● Work task: From the line that holds "8212 Hidden Springs" to the last line below, retype everything exactly and nothing else; omit pictures.

*** Supplied data ***

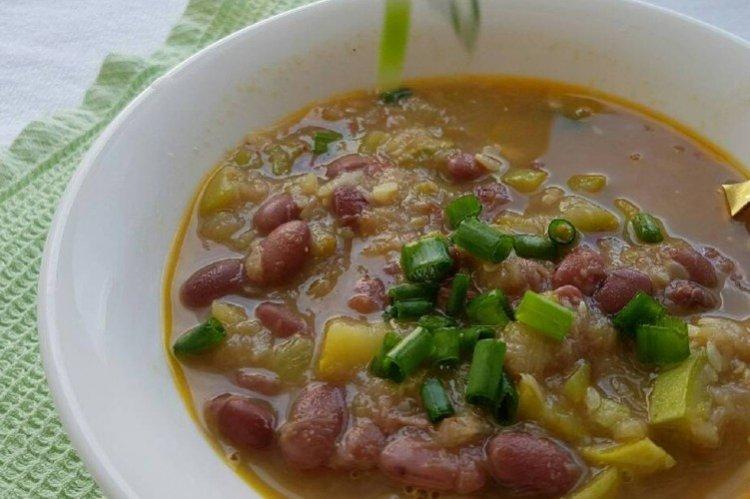Zucchini and Red Bean Soup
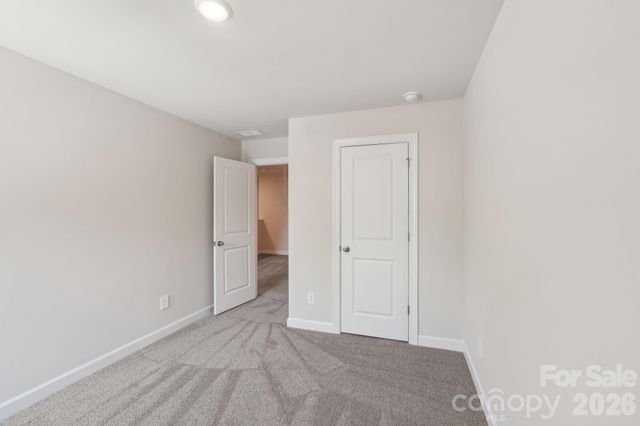 8212 Hidden Springs Trail, Charlotte, NC 28216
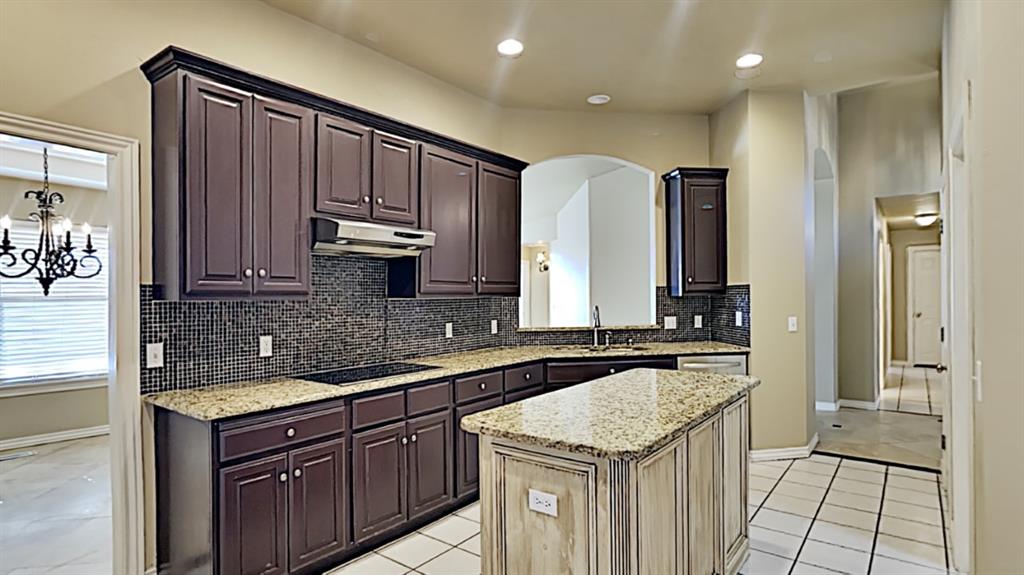 6808 Sandlewood Drive Property Photo 10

*** End of Supplied data ***

● Your response:
 8212 Hidden Springs Trail, Charlotte, NC 28216
 6808 Sandlewood Drive Property Photo 10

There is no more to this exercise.